Все государственные учреждения - тупые. Никогда не считайте, что есть где-то страна, где такие умные ребята сидят в министерстве иностранных дел или еще в разведке - такой страны нет нигде: ни в каком государстве никакой департамент умным быть не может.

Есть несколько альтернатив, я укажу только на одну. Ее решил заприходовать первым, конечно, Госдепартамент, там есть, вы знаете, специальные люди, которые ловят все такое. Альтернатива такая: что может явиться понятием, замещающим политическую власть? Политическое влияние. Оказывается, можно что-то делать, не только властвуя, но и влияя разными способами. Я прежде всего имею в виду способы - еще один омерзительный, вульгарный термин - несиловые, потому что все силовые способы - это наследие прошлого, которое не было отрефлексировано. Есть еще способы экономические, они не самые сильные сейчас. Есть способы информационные, которые пока (не беспокойтесь, это тоже не навсегда) дают колоссальный эффект влияния. И, наконец, есть способы эстетические, не удивляйтесь. И вот сейчас, оказывается, надо подумать о власти влияния или гаммы влияний.

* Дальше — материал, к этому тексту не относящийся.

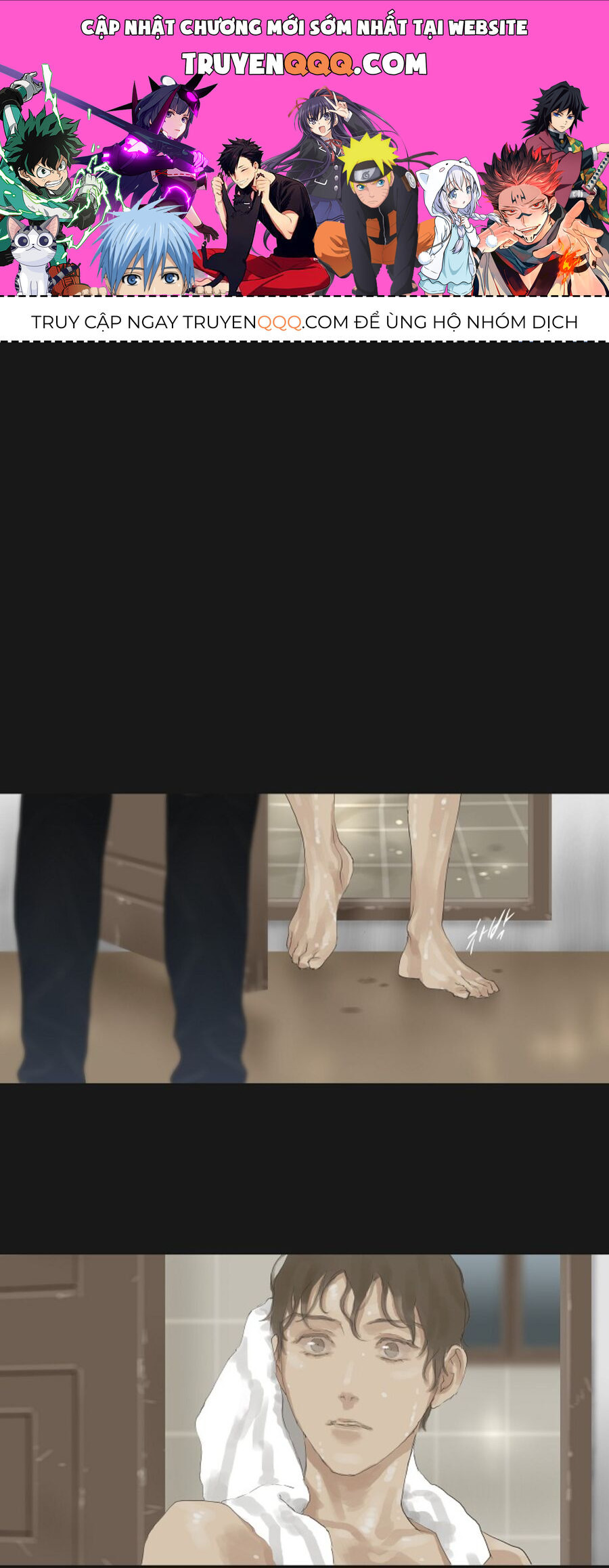 Chán Chường [Chap 1-25]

Но заметьте, что при столкновении влияний репрезентируется мышление, по типу совершенно иное, чем то, с которым мы имели дело до этого, когда речь шла о власти.

Один из самых, я бы сказал, тяжелых элементов наследства прежних политических ситуаций в России, которые Россия не может изжить, - это идея, связанная с абсолютным государством: идея абсолютной централизации, «чтобы все было в Москве». Когда-то на такой же идее, только насчет Парижа, погорела французская политика. В Госдепартаменте, где тоже не Эйнштейны сидят, стали понимать: надо слушать, что говорят в штатах, о которых ни в Нью-Йорке, ни в Вашингтоне, в общем-то, и не слыхивали - Айова, Миннесота, Юта. Оказывается, там ходят какие-то мальчишки и треплются. А вы знаете, этих мальчишек в Америке накапливается с 80-х годов все больше и больше.

Итак, на ходу небрежно проблематизировав политическую власть, перехожу к государству. Государство - это совершенно особое состояние политической рефлексии, которое, оказывается, дает и давало гораздо более сильный мыслительный эффект, чем власть. Почему, собственно, вдруг появились десятки, сотни поколений людей с мышлением типа: «Ну да, власть приходит и уходит, но приходит и уходит она в государстве». Вы думаете, государство сделал юный распутник Гильгамеш, огородив сферу политической власти? Нет. Оно сделано прежде всего в нашем мышлении, как какое-то «естественное» пространство политической власти.

Противопоставление Европы и Азии, Запада и Востока - один из самых ярких случаев человеческого идиотизма. Как можно противопоставлять Запад Востоку, когда две культуры (я беру на выбор), древнеиндийская и древнекитайская, отличались друг от друга гораздо сильнее, чем вместе взятые от британской? Этот идиотизм нашел свое идеальное дополнение в совершенно шизофреническом делении мира на третий, развивающийся, четырехсполовинный (без дробей тут не обойдешься) - это один из последних всплесков международного бюрократического мышления. А тут еще «большая восьмерка» - символ европейской политической иллюзии. Вы понимаете, что это средство околпачить среднего человека? Он верит во все, что обозначено словами, потому что он не рефлектирует.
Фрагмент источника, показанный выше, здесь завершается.